Furthermore, if forced, they don’t deform, but rather break. Overall they are much harder and more brittle than thermoplastics. If you want to process them, you have to do that machanically – as e.g. with wood by sawing, filing or rasping (in practice, however, PVC items are produced in the desired form right away and don’t need mechanical treatment).

Important thermosets are

Polyester (PES)
Formaldehyde resins
Epoxy resins
Polyurethanes

Polyesters are versatile plastics which accompany our everyday life. All sorts of things may be produced of Polyesters. Apart from textile fibres (like Trevira®, Dacron®, Diolen®) there are for example the famous plastic beverage bottles made of  PET (polyethylene terephthalate) and other food packaging. Even CDs are made of polyester, namely polycarbonate, which is an ester of carbonic acid.

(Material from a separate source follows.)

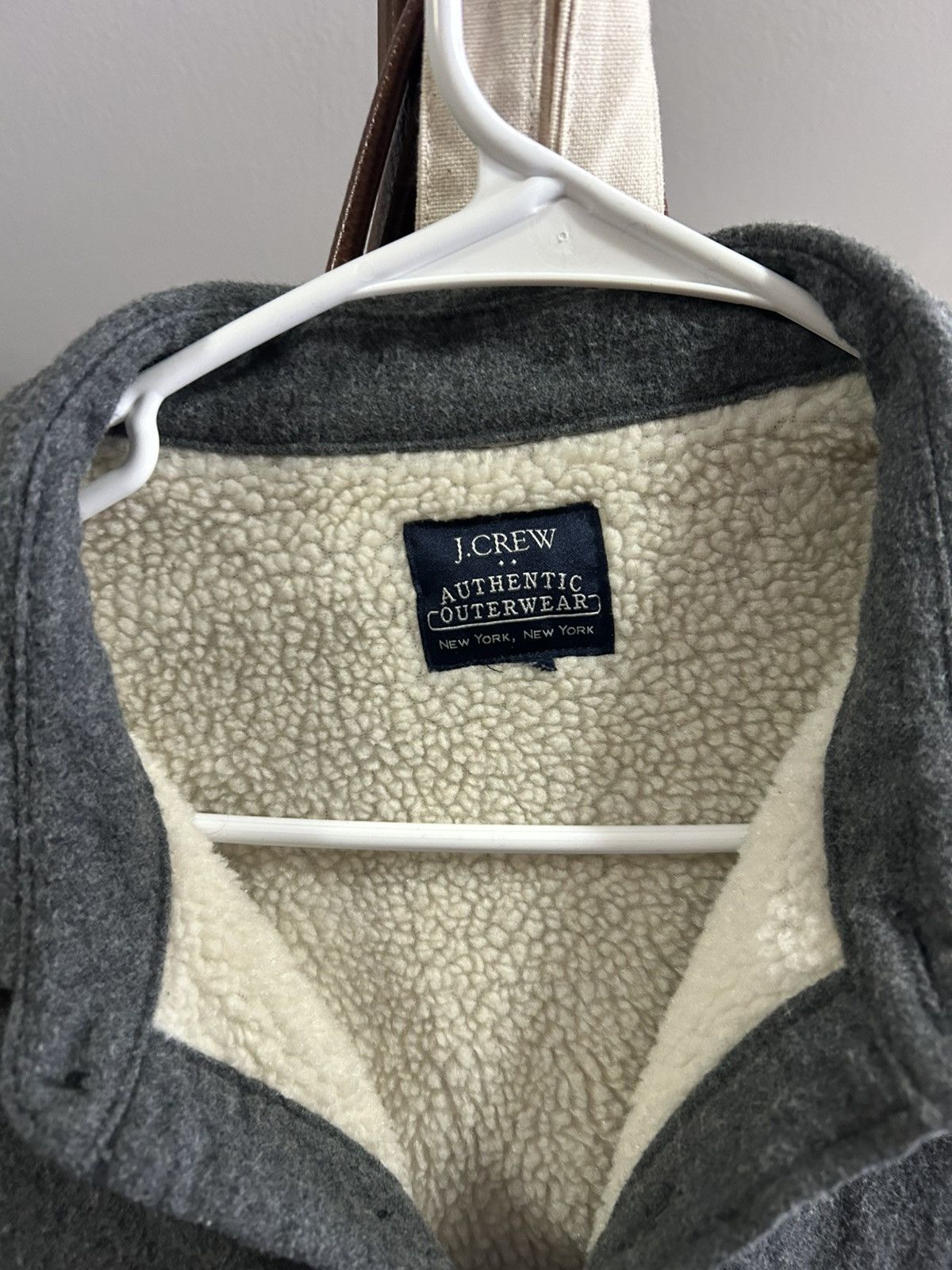 J.Crew J Crew Barn Jacket Size US L / EU 52-54 / 3 - 3 Thumbnail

As a textiel fibre PET has several useful properties: It is hardly strechable and therefore very shape-retaining, crease-resistant, tearproof and only takes little water, so it’s very suitable e. g. for sportswear, which is meant to dry quickly on the body to avoid cooling down.

Copolymerization influences the properties of plastics by combining various plastics with different properties to one single plastic. This means that copolymeres don’t only consist of one sort of plastic, like polyacrylic, but of two or more, like polyacrylic and PVC. 

The essential characteristic of elastomeres is that they may be stretched to at least twice their length and return to their original state when released.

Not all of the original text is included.